In questo scenario pensiamo che le istituzioni coinvolte debbano muoversi per migliorare la condizione di noi giovani. Nella situazione attuale però, facendo solo un’analisi e non volendo sollevare polemiche, nessuno sembra interessarsi al problema. Il governo non ci risulta lo abbia mai affrontato, anzi attua esso stesso, per periodi lunghi, queste forme di contratto all’interno dei suoi organi. I sindacati, che per il loro ruolo ci aspetteremmo che fossero al nostro fianco per cercare di migliorare questa situazione, non sembrano interessarsi alla questione.
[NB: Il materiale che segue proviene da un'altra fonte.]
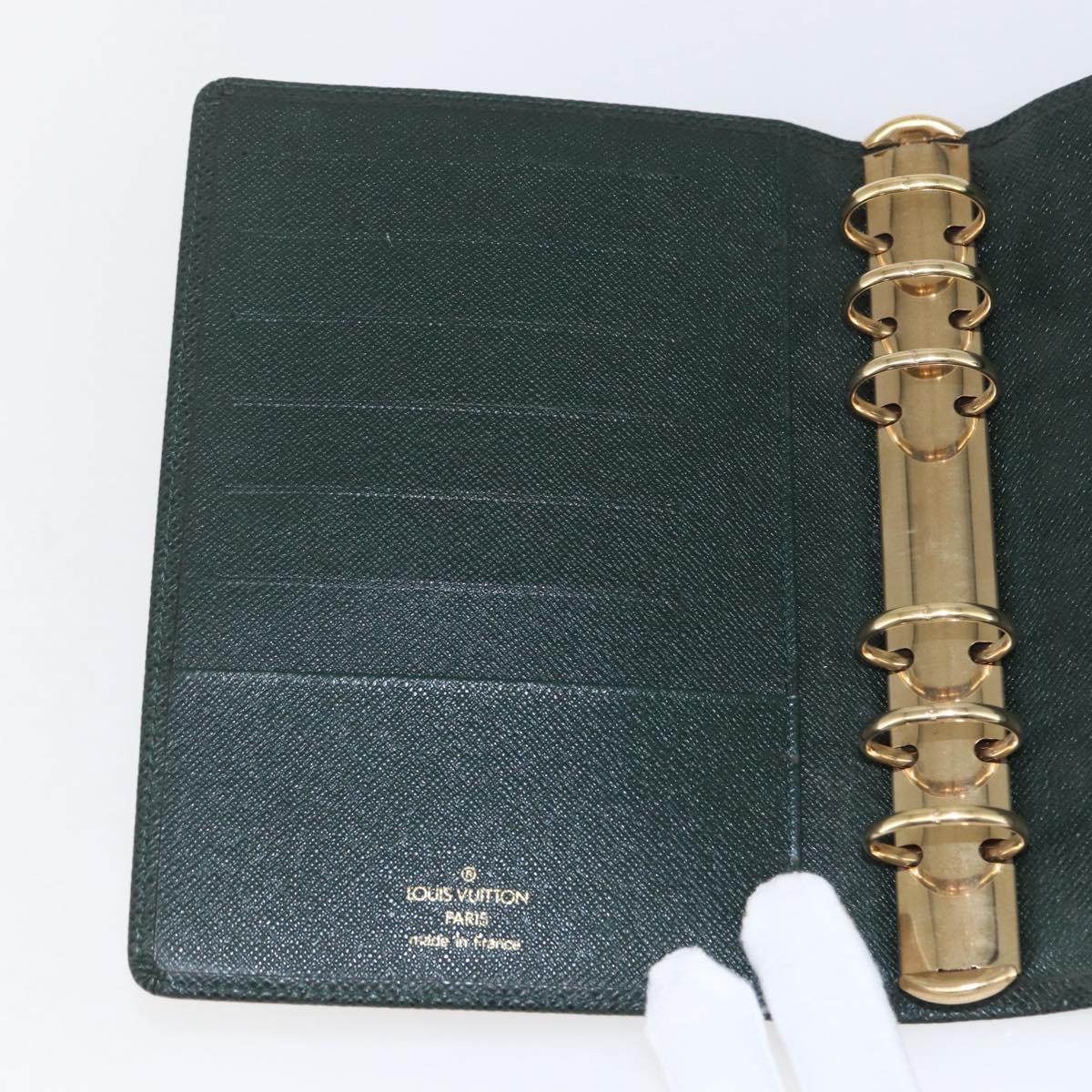 LOUIS VUITTON Taiga Agenda MM Day Planner Cover Epicea R20403 LV Auth ki6371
Per inciso, siamo rimasti colpiti dalla presa di posizione dei sindacati per i referendum, non per il loro consiglio di non andare a votare, ma per le loro motivazioni: mentre la posizione può essere legittima, perché la legge c’è e potrebbe essere anche un valido punto di partenza, nessuna motivazione da essi portata accennava al fatto che bisognerebbe controllarne la corretta applicazione ed eventualmente migliorarla.
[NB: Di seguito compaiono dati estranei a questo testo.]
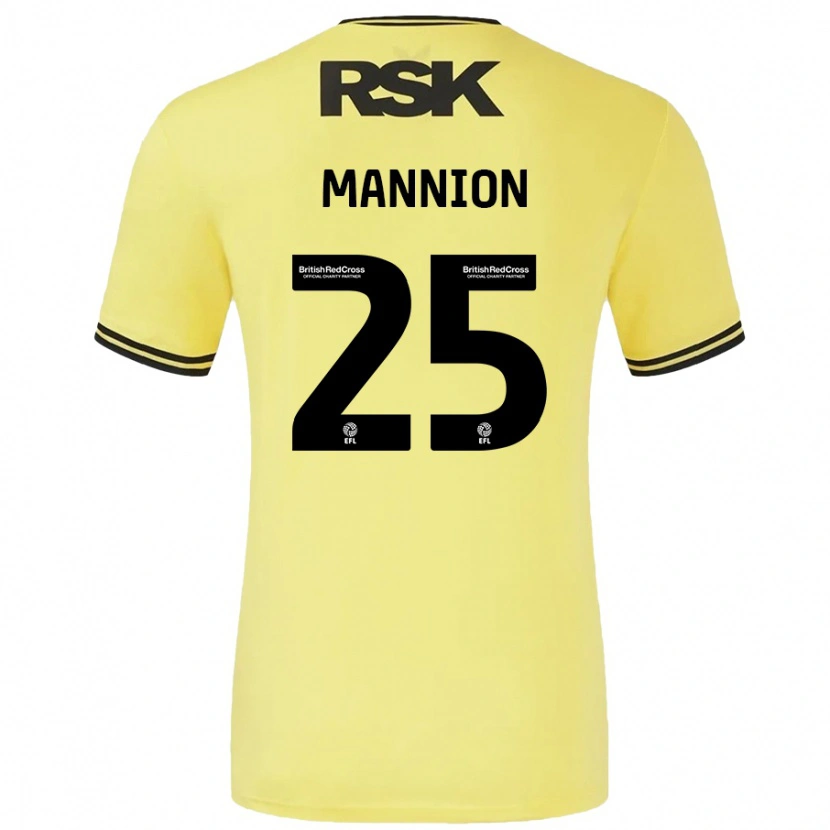 Danxen Pánské Will Mannion #25 Žlutá Černá Daleko Hráčské Dresy 2024/25 Dres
A questo punto possiamo dire che ci sentiamo poco rappresentati e tutelati dalle istituzioni. Non vogliamo dare una ricetta o delle soluzioni, ma ci aspetteremmo che a queste nostre esigenze legittime fosse data una risposta concreta. Pensiamo che il mantenimento dello status quo potrebbe portare anche a una crisi sociale, perché potrebbe minare i fondamenti su cui la nostra società democratica è stata fondata, quei valori che possono portare ad una valorizzazione e realizzazione della persona: l’indipendenza, il lavoro e la famiglia. Mettendo in discussione tali valori crediamo che i giovani difficilmente riusciranno a diventare adulti fiduciosi nella società, nella democrazia e nella politica.